Exercise description: Return the data that follows exactly as it appears. Pictures do not belong in the copy.
= Beginning of Section =
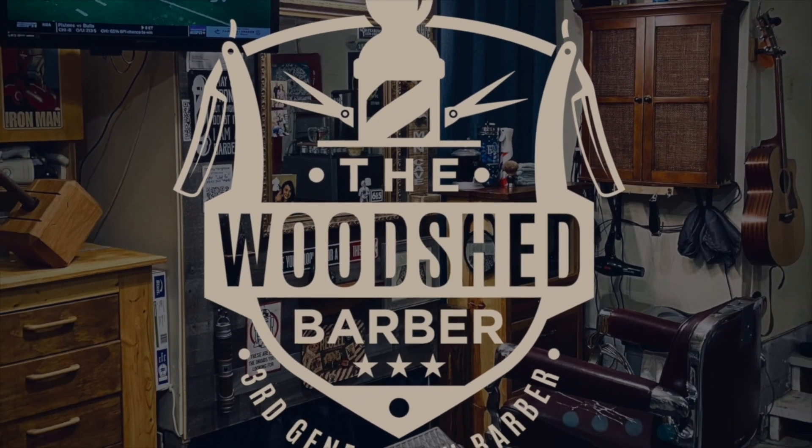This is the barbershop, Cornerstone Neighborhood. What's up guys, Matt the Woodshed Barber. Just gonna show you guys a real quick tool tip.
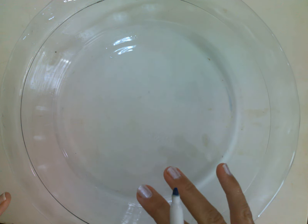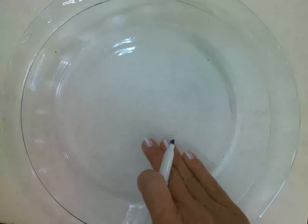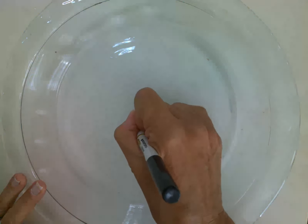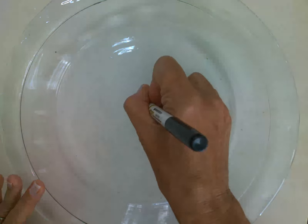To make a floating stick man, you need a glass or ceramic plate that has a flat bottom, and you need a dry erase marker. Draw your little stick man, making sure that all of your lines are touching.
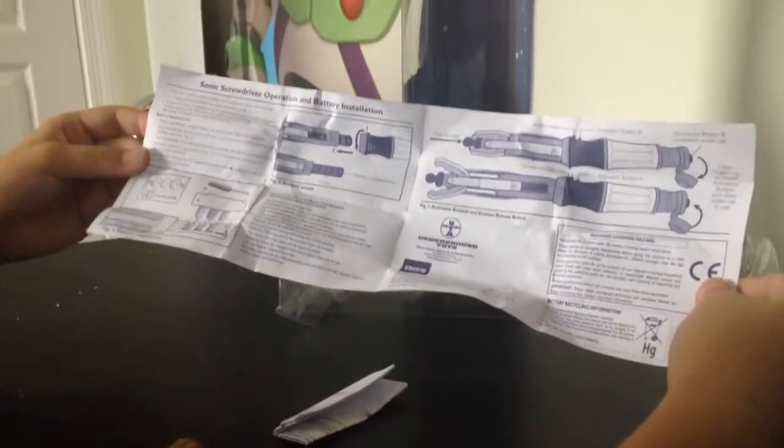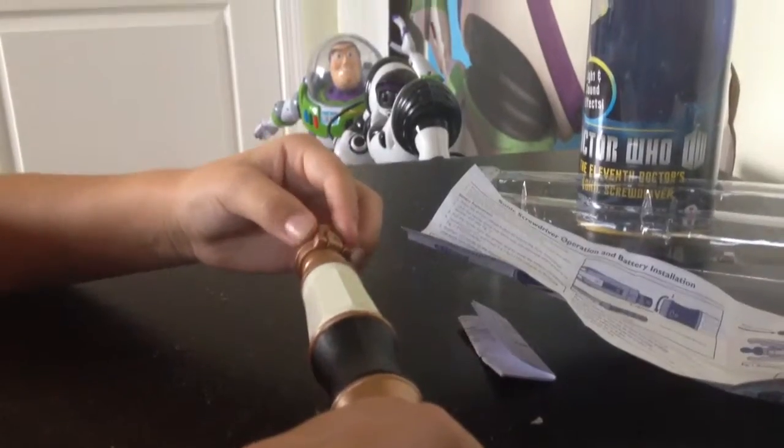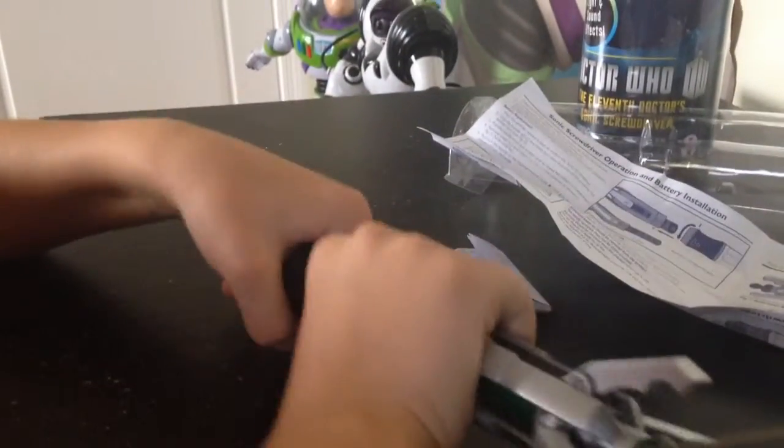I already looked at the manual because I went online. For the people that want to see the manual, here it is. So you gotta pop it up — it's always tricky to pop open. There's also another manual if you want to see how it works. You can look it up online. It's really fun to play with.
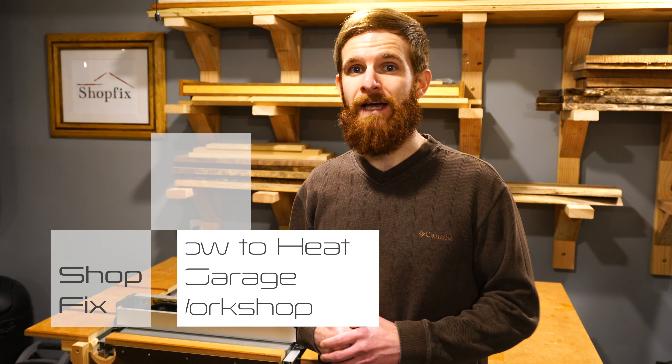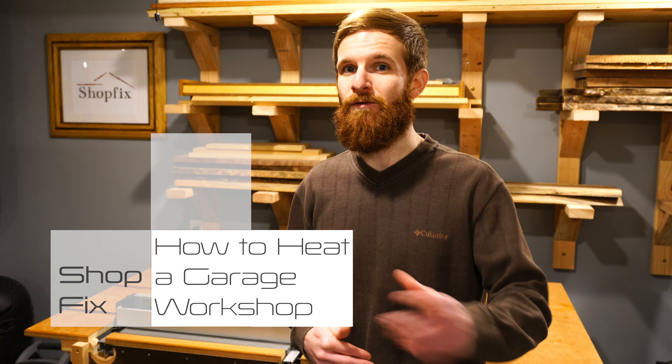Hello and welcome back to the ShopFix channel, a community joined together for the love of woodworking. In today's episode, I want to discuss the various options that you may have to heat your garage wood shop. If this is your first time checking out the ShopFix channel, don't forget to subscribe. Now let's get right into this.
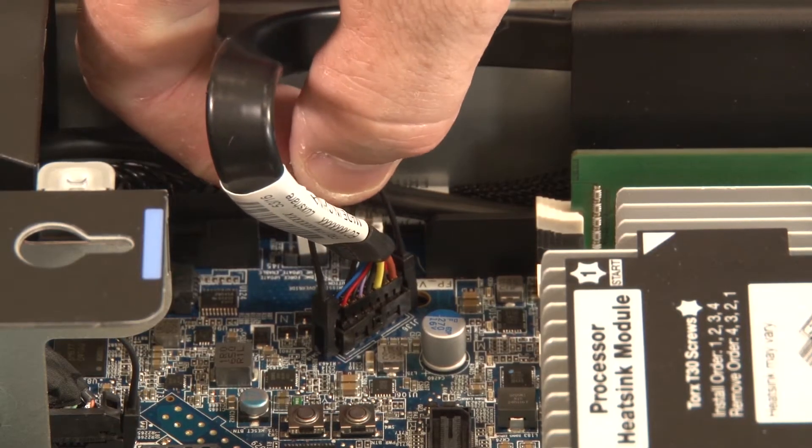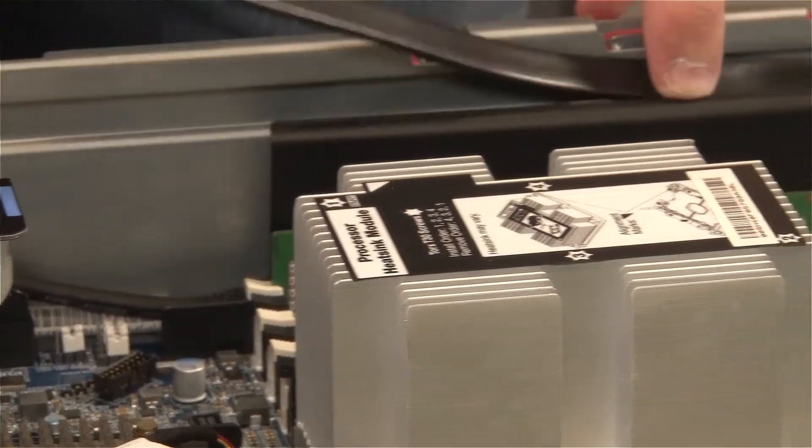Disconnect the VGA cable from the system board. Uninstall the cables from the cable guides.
= End of Section =
Response:
This is the barbershop, Cornerstone Neighborhood. What's up guys, Matt the Woodshed Barber. Just gonna show you guys a real quick tool tip.
To make a floating stick man, you need a glass or ceramic plate that has a flat bottom, and you need a dry erase marker. Draw your little stick man, making sure that all of your lines are touching.
I already looked at the manual because I went online. For the people that want to see the manual, here it is. So you gotta pop it up — it's always tricky to pop open. There's also another manual if you want to see how it works. You can look it up online. It's really fun to play with.
Hello and welcome back to the ShopFix channel, a community joined together for the love of woodworking. In today's episode, I want to discuss the various options that you may have to heat your garage wood shop. If this is your first time checking out the ShopFix channel, don't forget to subscribe. Now let's get right into this.
Disconnect the VGA cable from the system board. Uninstall the cables from the cable guides.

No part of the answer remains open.